INPUT RECORDS:
────
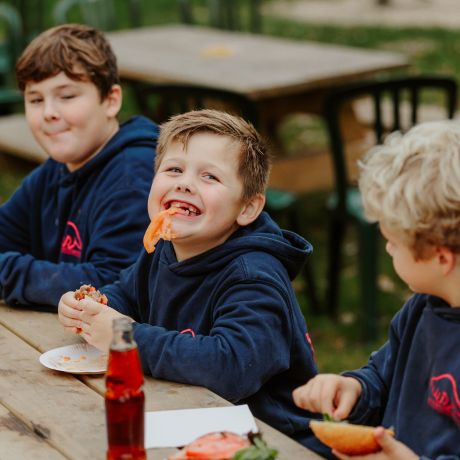 Dag van de Jeugdbeweging 2025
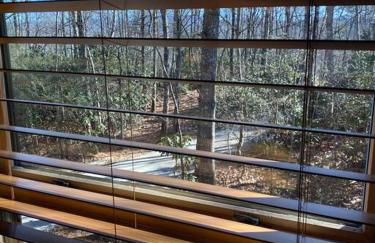 1850s Settlers Cabin at Wethero Ridge - Foto 17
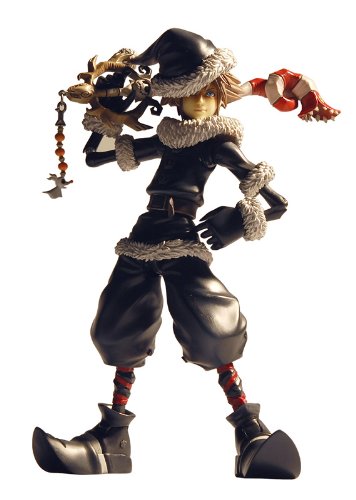 Sora Kingdom Hearts II Final Mix - Kotobukiya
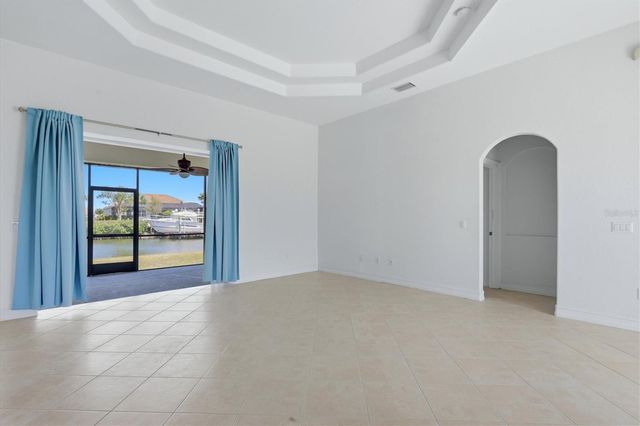 15124 LEIPZIG CIRCLE, Port Charlotte, FL 33981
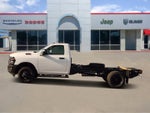 2027 RAM Ram 3500 Tradesman 167.5 WB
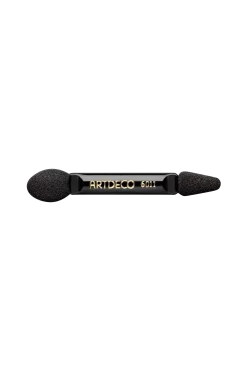 Artdeco Sminkborstar > Rubicell Double Applicator Quattro Box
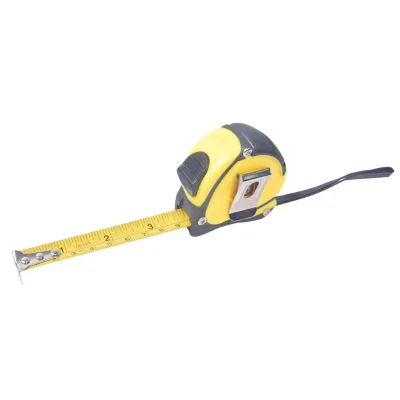 Promotional Mini Steel Measuring Tape Construction Engineering Measurement Measuring Tape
────
WHAT TO WORK ON: Starting at the line with "Artdeco Sminkborstar >" and stopping at the final line of the material, reproduce each line exactly, both ends included. Leave the pictures out.

SOLUTION FOR THIS PROBLEM:
 Artdeco Sminkborstar > Rubicell Double Applicator Quattro Box
 Promotional Mini Steel Measuring Tape Construction Engineering Measurement Measuring Tape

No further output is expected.